Ya CHP yıpranmazsa ve daha da güçlenirse?
Siyasal İslamcıların da, Amerikan menşeli ırkçıların da gönlünde yatan aslan CHP’yi kapatmak. Gel gör ki, kuruluşundan bu yana ‘parti kapatmaya karşı durduğunu’ iddia eden AK Parti için bu hiç de kolay bir iş değil.
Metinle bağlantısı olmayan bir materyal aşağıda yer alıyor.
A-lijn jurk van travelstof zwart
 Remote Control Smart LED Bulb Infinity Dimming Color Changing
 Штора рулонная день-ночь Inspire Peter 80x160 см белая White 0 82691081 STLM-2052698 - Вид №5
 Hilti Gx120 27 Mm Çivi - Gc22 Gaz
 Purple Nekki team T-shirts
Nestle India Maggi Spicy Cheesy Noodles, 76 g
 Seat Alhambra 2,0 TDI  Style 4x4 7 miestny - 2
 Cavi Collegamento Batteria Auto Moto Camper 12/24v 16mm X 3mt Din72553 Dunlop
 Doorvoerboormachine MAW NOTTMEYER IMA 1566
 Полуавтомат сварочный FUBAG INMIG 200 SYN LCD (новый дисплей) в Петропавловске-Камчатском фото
MHP daha net bir tutum alabilir, ancak bu kez tabanı sorun çıkarabilir. Zira öyle ya da böyle cumhuriyetin kurucu değerlerinden hepsine olmasa bile bir bölümüne sahip çıkan bir tabanı var MHP’nin ve yine öyle ya da böyle bu kurucu değerleri hayata geçiren kurucu partiyi kapatmak öyle kolay kolay altına girilecek bir yük değil. Bu Cumhur İttifakı, HDP’yi bile kapatmak konusunda yan çizmek zorunda kalmışken hem de…
Ancak iki yıl boyunca, CHP’nin gücünü bölmek, ataklarını engellemek, mümkünse parti içinde bölünme yaratmak için bu ‘kapatma’ süreci’ni fırsat olarak gördükleri aşikâr. Eğer böyle düşünmüyor olsalardı, İstanbul Cumhuriyet Başsavcılığı eliyle bu bildirimi yapmaya kalkışmazlardı.
Bu son atımlık barut keseden erken çıktı
Aylardır süren ‘kurultay iptali’ süreci, CHP’nin büyük oranda kilitlenmesine, bölünmenin eşiğine gelmesine yol açmıştı. Bugüne kadar başta partinin genel başkanı Özgür Özel’in olağanüstü performansı sayesinde parti kadroları konsolide olmasa CHP kan kaybedebilirdi.
Ancak Cumhur İttifakının evindeki hesap çarşıya uymadı! CHP kan kaybetmedi, tersine desteğini artırdı. Hele ki o saçma sapan kayyım hamlesi partide birliği güçlendirdi. Biraz da beceriksiz Gürsel Tekin ve ekibi sayesinde…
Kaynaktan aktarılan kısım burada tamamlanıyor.